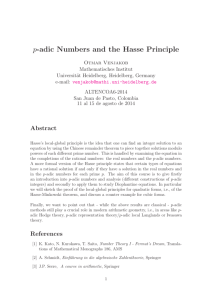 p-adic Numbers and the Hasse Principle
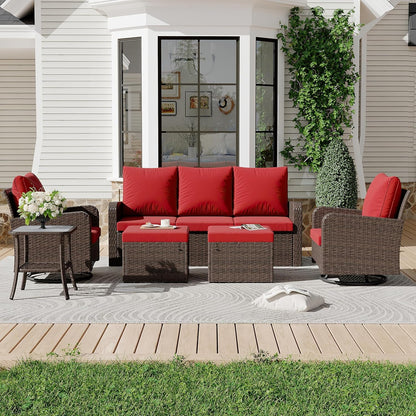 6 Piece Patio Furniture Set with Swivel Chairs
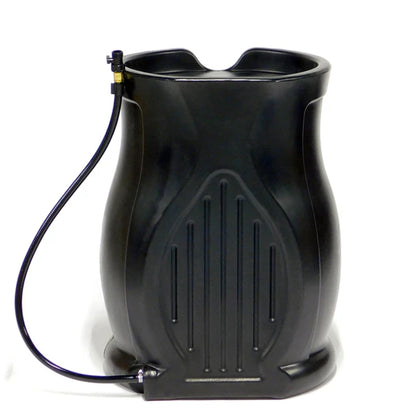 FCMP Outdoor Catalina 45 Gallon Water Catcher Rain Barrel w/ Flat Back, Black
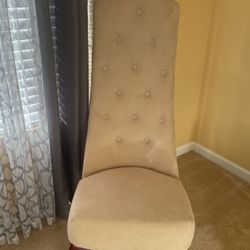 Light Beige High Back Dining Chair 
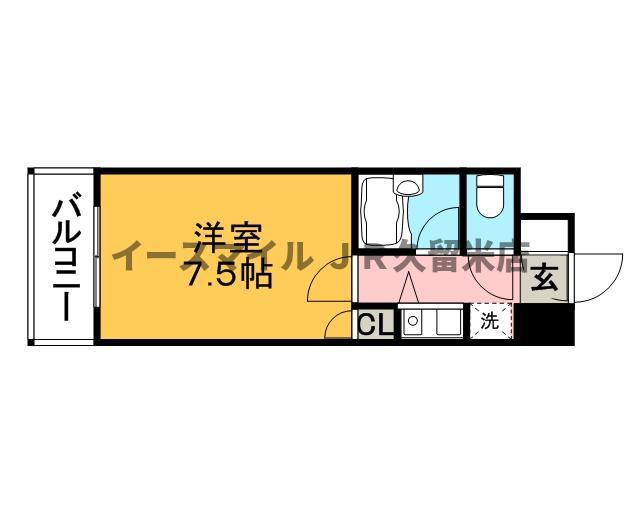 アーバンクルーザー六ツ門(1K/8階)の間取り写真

○ ○ ○

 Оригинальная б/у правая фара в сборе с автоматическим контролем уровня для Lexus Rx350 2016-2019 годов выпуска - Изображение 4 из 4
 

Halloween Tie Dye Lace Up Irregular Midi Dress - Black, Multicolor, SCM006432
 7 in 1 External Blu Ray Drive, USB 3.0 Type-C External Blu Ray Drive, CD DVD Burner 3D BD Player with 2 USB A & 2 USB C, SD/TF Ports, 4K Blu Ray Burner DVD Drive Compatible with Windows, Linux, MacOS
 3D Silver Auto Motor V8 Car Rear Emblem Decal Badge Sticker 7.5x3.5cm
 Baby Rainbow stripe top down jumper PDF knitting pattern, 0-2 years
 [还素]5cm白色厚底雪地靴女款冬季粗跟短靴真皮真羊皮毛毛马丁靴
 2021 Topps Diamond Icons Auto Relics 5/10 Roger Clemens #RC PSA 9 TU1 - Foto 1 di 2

○ ○ ○

**Your goal**
From the listing above, restate verbatim the lines running from the one with "p-adic Numbers and the Hasse Principle" through the one with "アーバンクルーザー六ツ門(1K/8階)の間取り写真", inclusive, but not the pictures.

**Response to this task**
 p-adic Numbers and the Hasse Principle
 6 Piece Patio Furniture Set with Swivel Chairs
 FCMP Outdoor Catalina 45 Gallon Water Catcher Rain Barrel w/ Flat Back, Black
 Light Beige High Back Dining Chair 
 アーバンクルーザー六ツ門(1K/8階)の間取り写真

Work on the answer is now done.